Entries taken from a collection
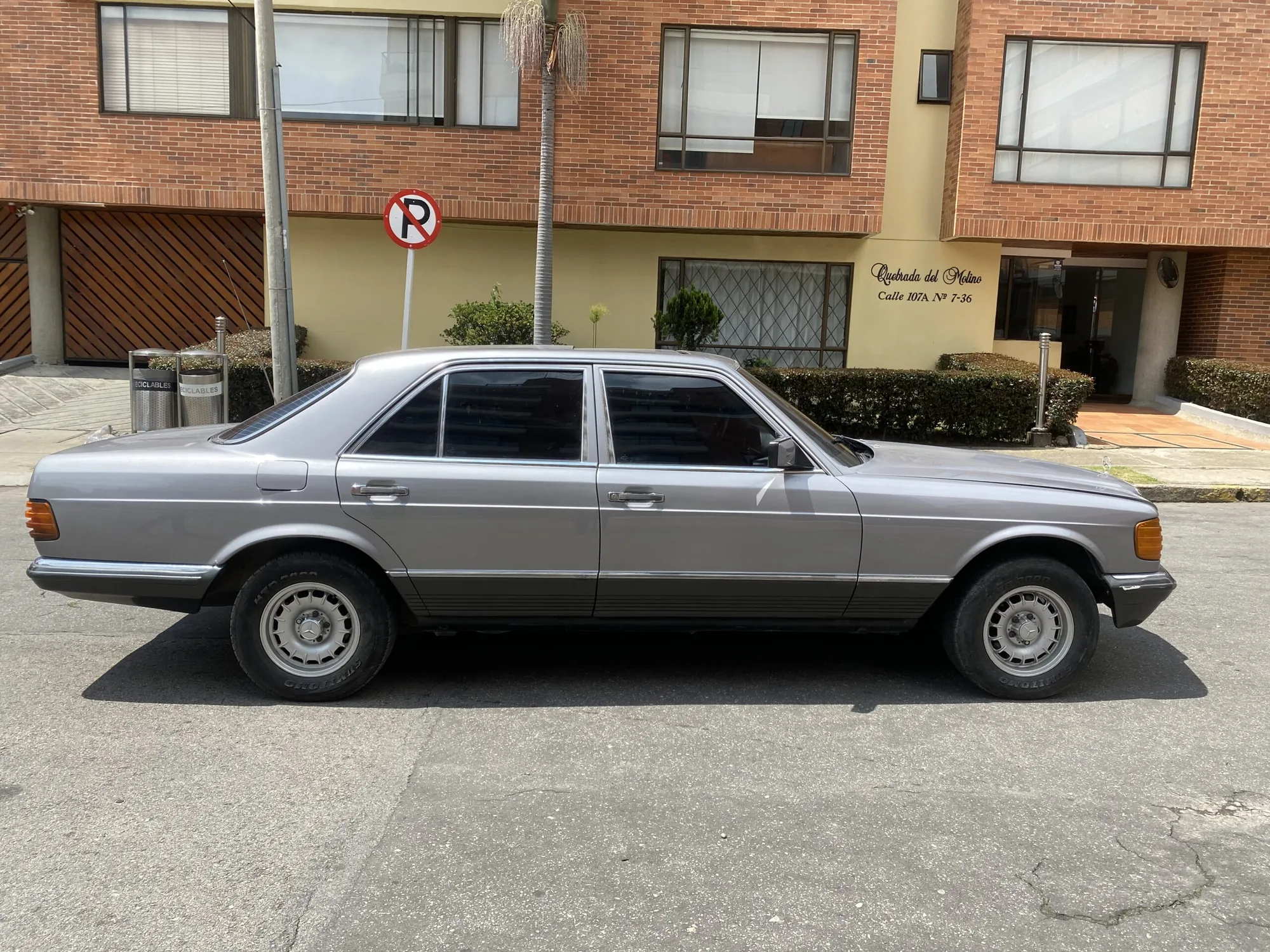 Sedán Mercedes-Benz 280 SE 1983 280 S en Bogotá — foto 2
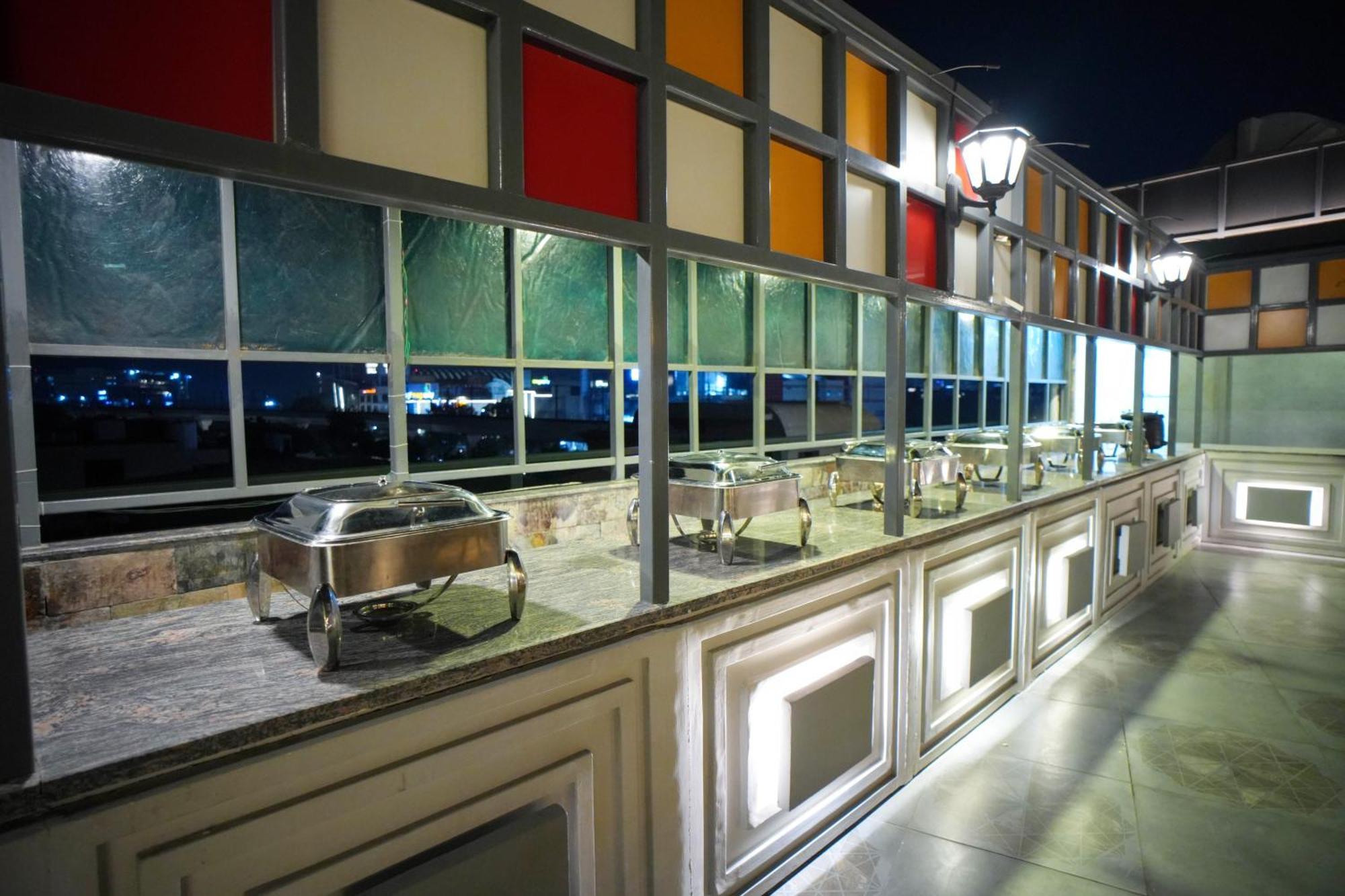 Hotel Haris Mg Road Gurugram Gurgaon Exteriör bild
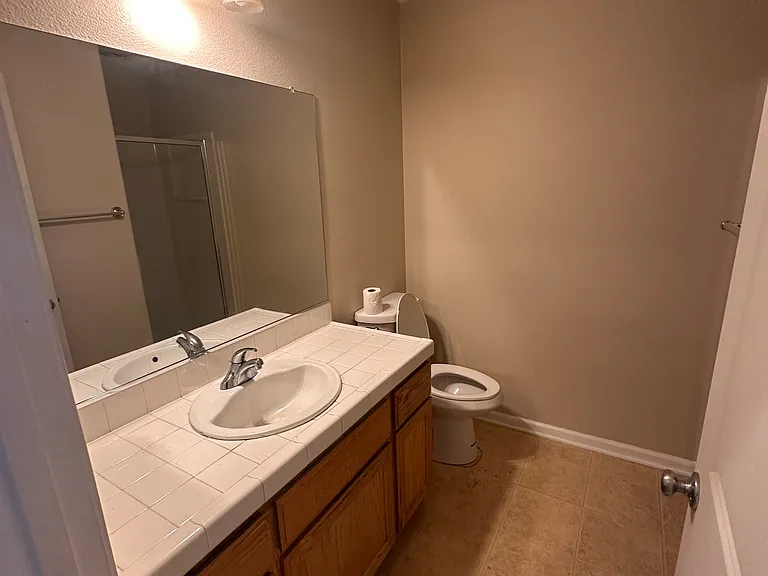1420 Nevin Plz — Photo 9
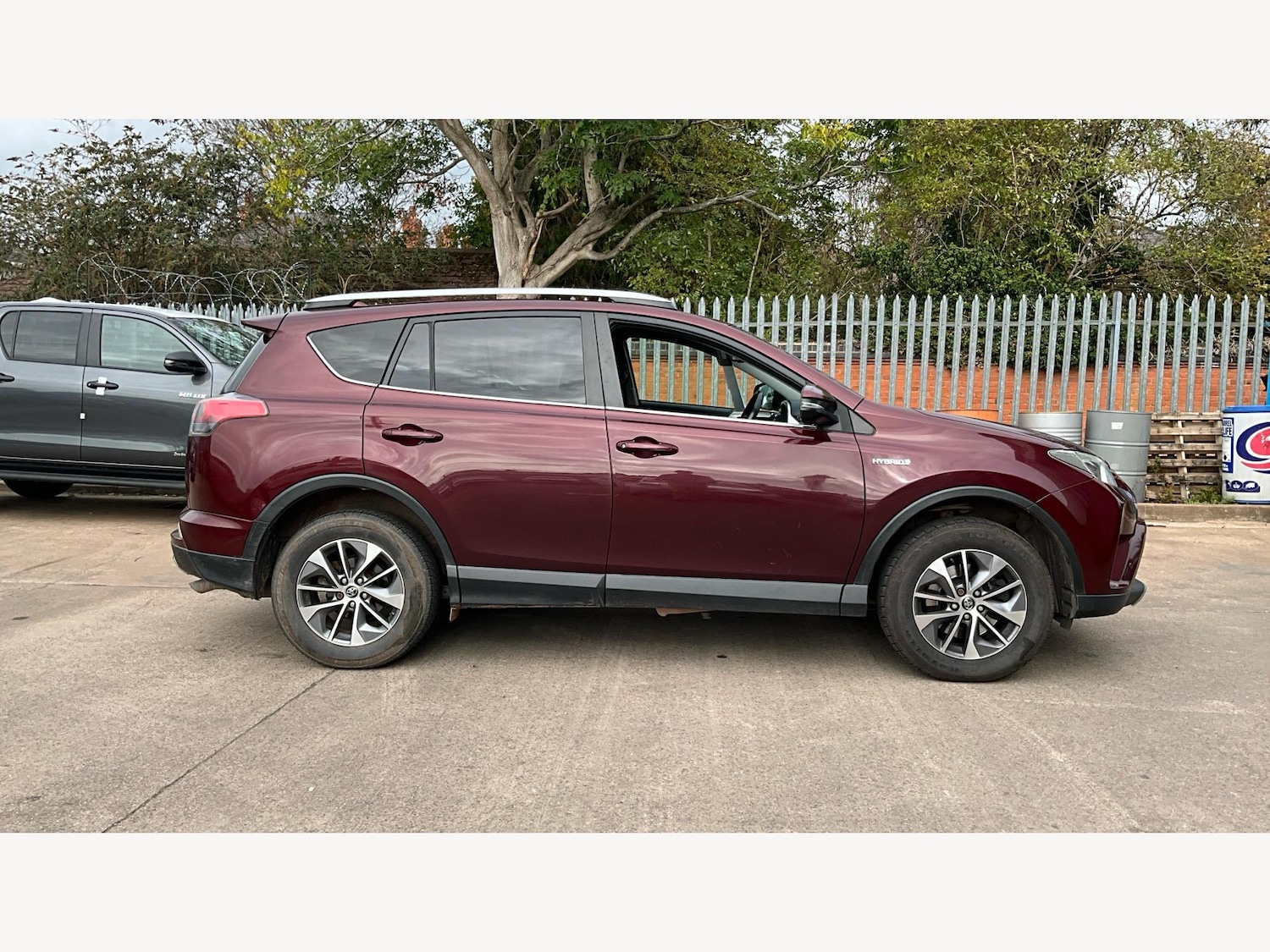 Used Toyota RAV4 2017 for sale - 76200584: Photo 18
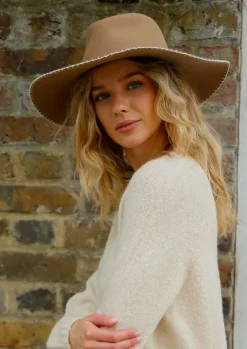 Ru0026B Ingrid Fedora in Camel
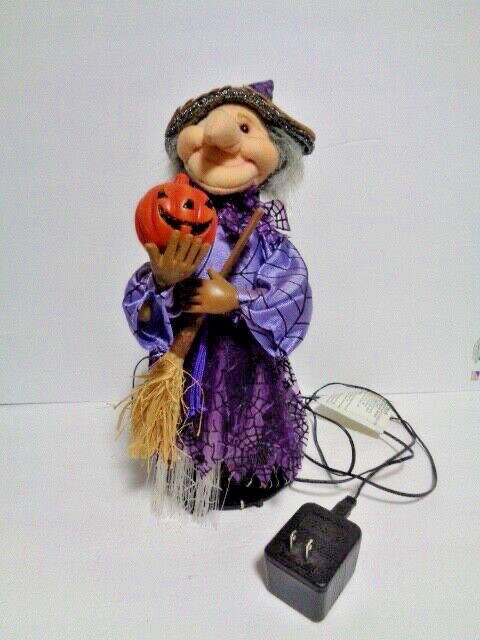 2001 Tabletop Fiber Optic Halloween Wicked Witch 17" with Broom & Pumpkin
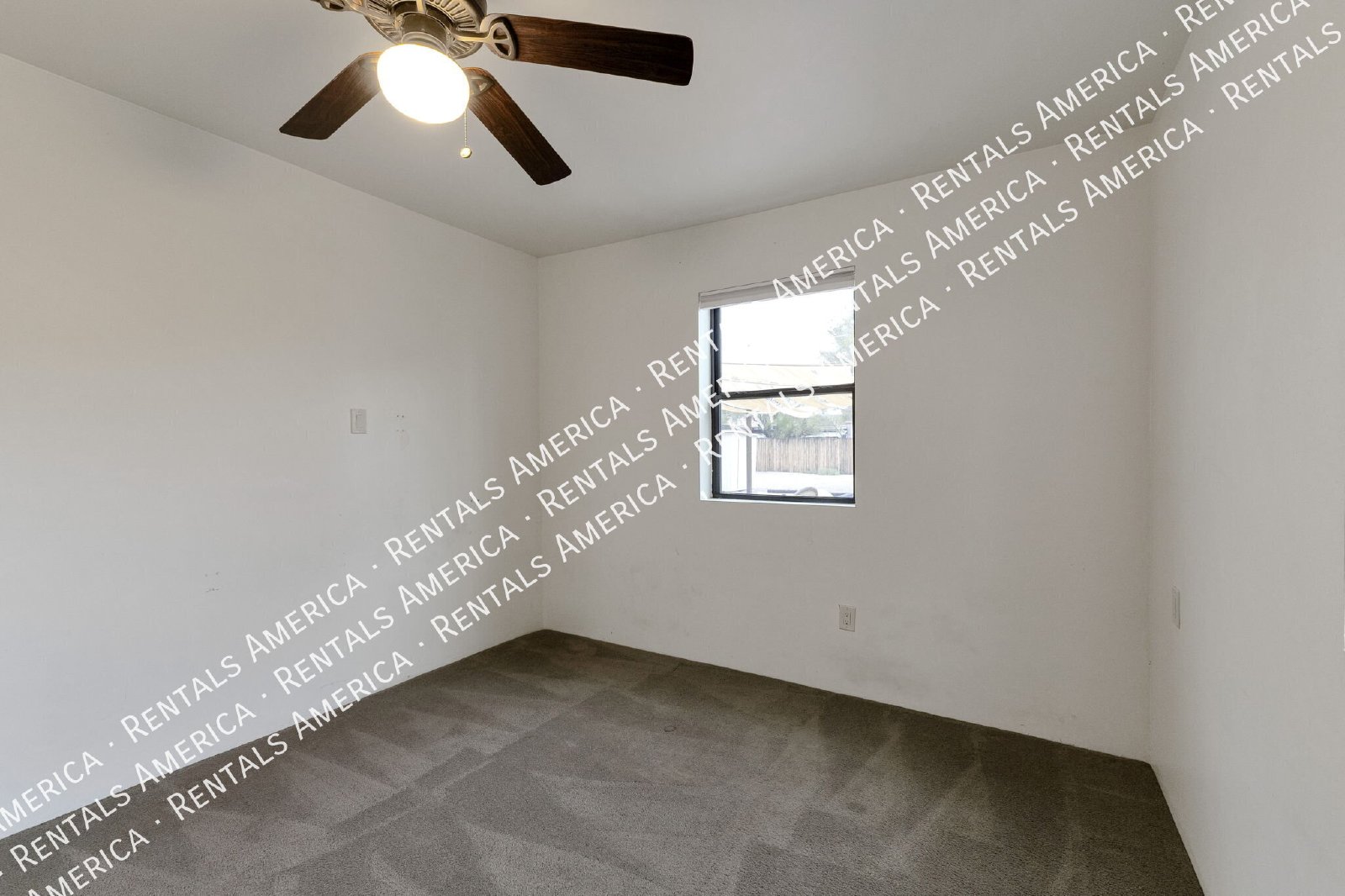 ADORABLE 3 bedroom with large yard! Water included! property image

Work order -> From the first line to the last, repeat the records exactly, leaving out the pictures.

Exercise solution ->
 Sedán Mercedes-Benz 280 SE 1983 280 S en Bogotá — foto 2
 Hotel Haris Mg Road Gurugram Gurgaon Exteriör bild
1420 Nevin Plz — Photo 9
 Used Toyota RAV4 2017 for sale - 76200584: Photo 18
 Ru0026B Ingrid Fedora in Camel
 2001 Tabletop Fiber Optic Halloween Wicked Witch 17" with Broom & Pumpkin
 ADORABLE 3 bedroom with large yard! Water included! property image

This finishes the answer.